RECORDS FOR PROCESSING =
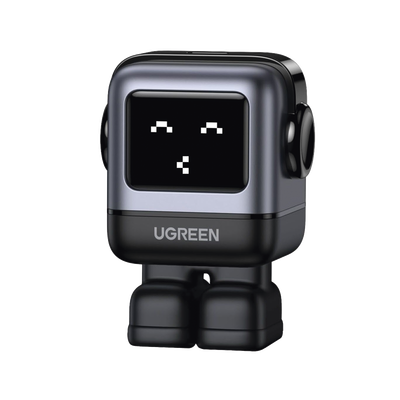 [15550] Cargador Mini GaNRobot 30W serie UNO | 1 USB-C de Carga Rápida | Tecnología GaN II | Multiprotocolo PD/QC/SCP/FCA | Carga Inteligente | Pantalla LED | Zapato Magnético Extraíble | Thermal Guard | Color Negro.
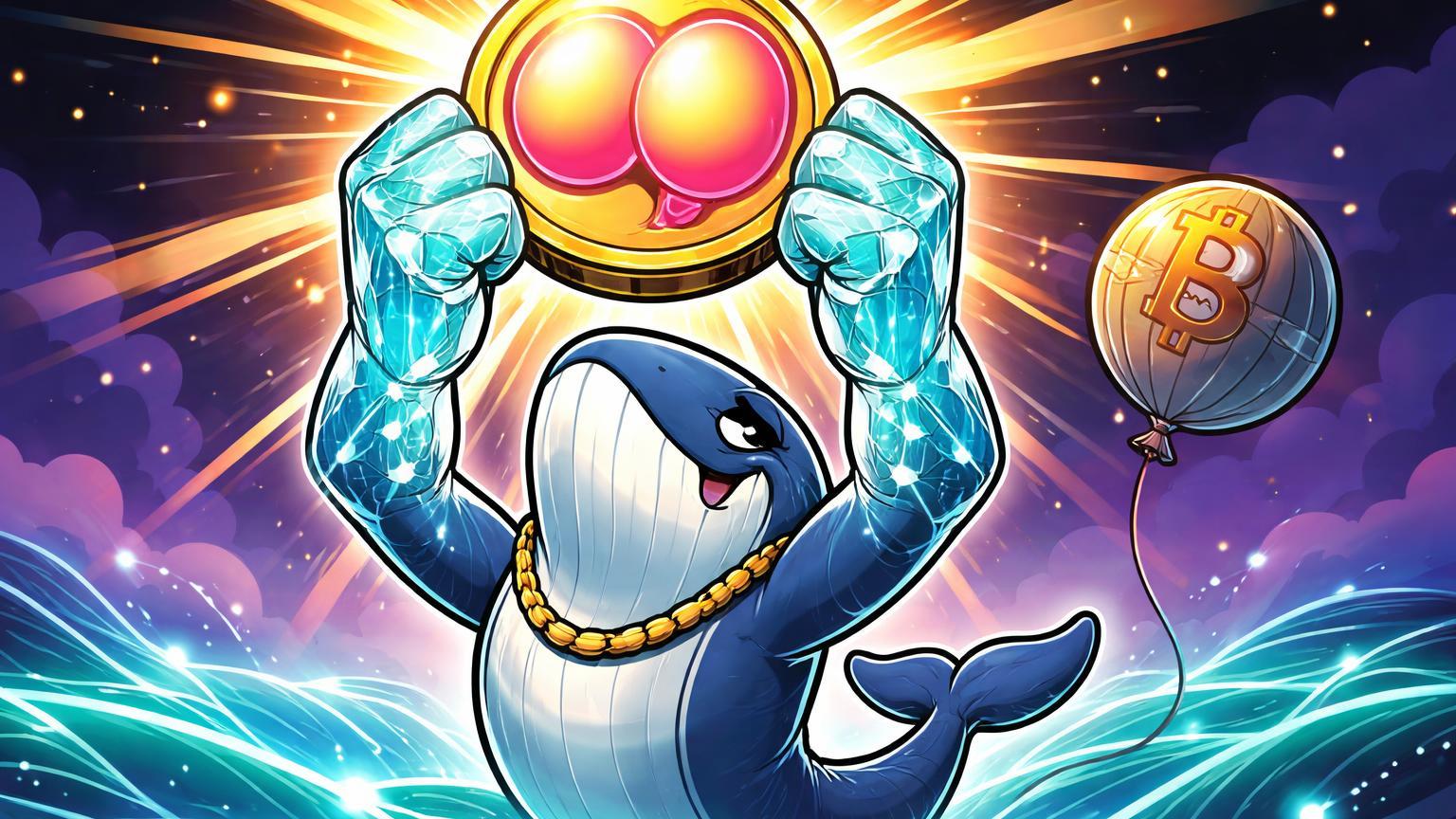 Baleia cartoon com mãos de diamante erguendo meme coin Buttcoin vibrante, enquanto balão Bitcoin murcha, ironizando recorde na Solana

...

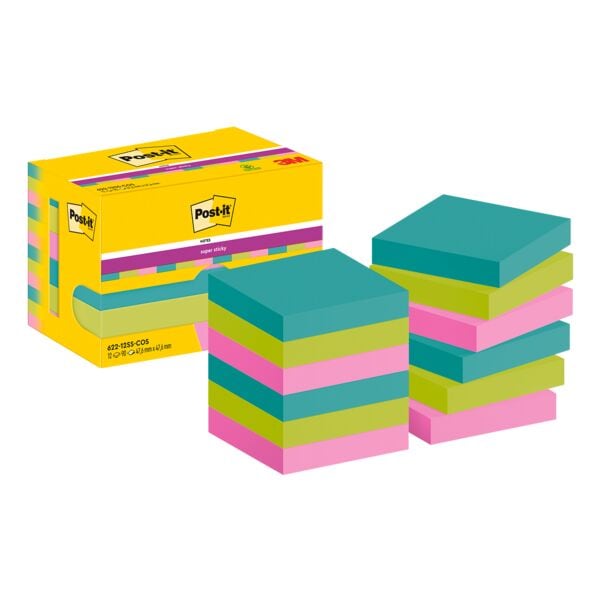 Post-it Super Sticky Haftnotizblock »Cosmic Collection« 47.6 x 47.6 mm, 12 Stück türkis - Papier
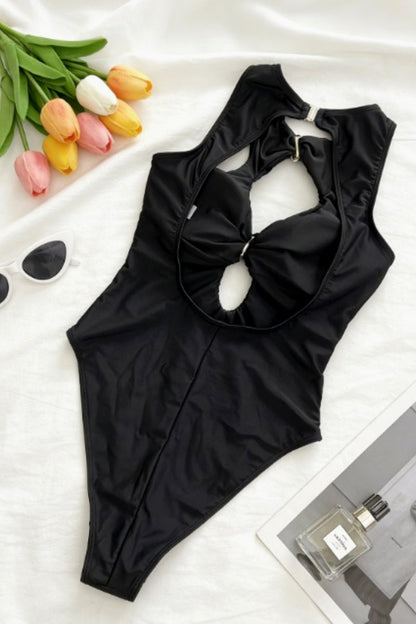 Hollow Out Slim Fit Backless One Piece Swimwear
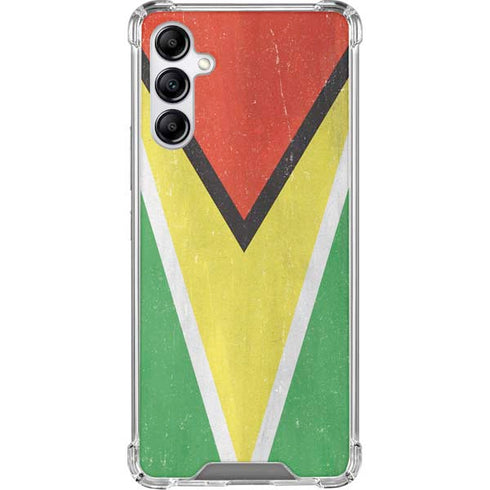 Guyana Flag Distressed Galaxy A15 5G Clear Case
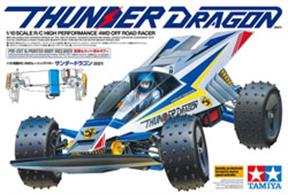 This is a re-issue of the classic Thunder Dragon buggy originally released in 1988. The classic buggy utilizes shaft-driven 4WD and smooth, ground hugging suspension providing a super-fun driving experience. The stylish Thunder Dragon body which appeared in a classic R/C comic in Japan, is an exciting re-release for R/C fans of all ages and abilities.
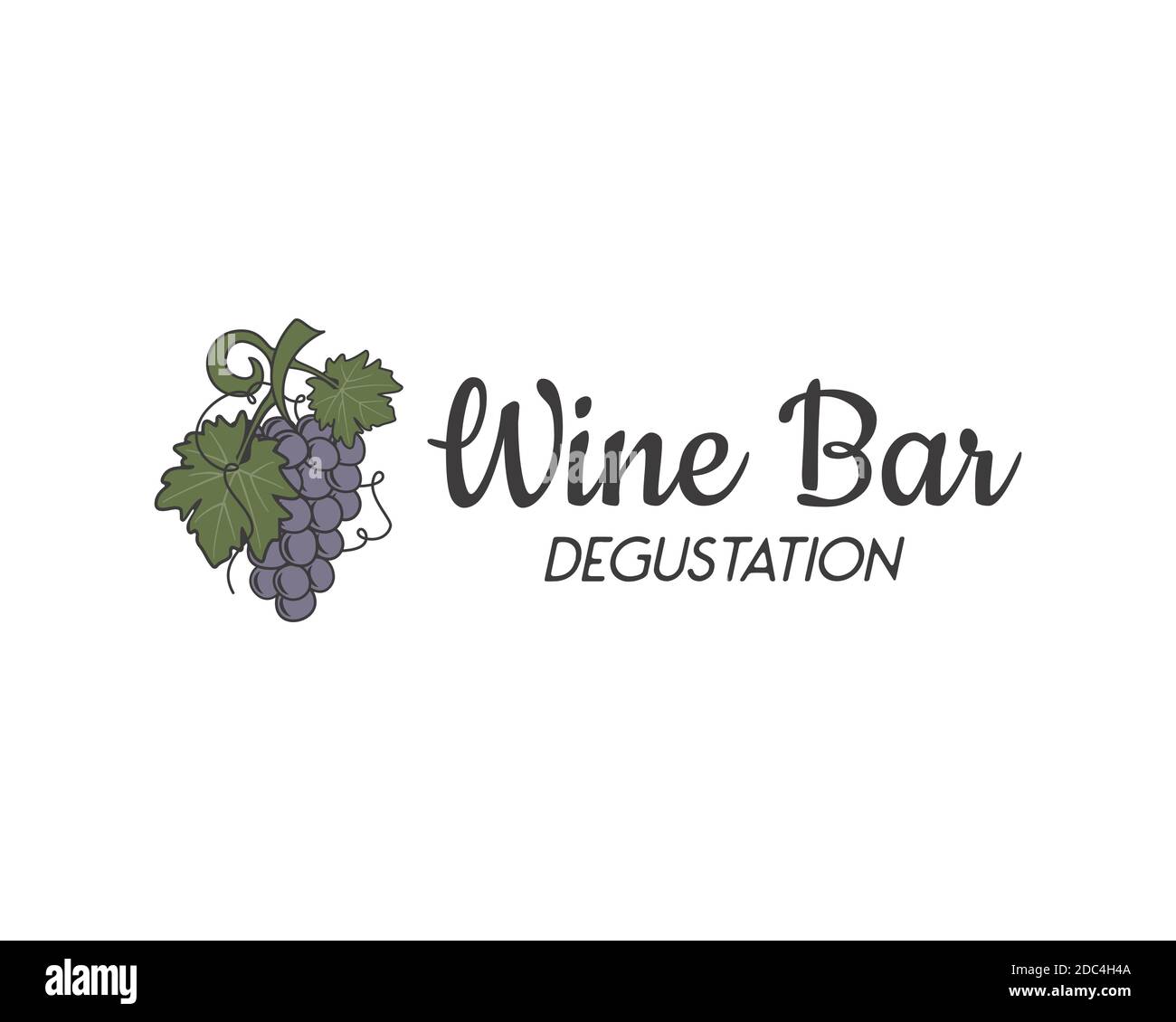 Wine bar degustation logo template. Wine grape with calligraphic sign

PROBLEM DESCRIPTION =
From the entries above, copy exactly the lines starting at the one with "Post-it Super Sticky" and stopping at the one with "Guyana Flag Distressed", keeping both ends. Drop the pictures.

TASK SOLUTION =
 Post-it Super Sticky Haftnotizblock »Cosmic Collection« 47.6 x 47.6 mm, 12 Stück türkis - Papier
 Hollow Out Slim Fit Backless One Piece Swimwear
 Guyana Flag Distressed Galaxy A15 5G Clear Case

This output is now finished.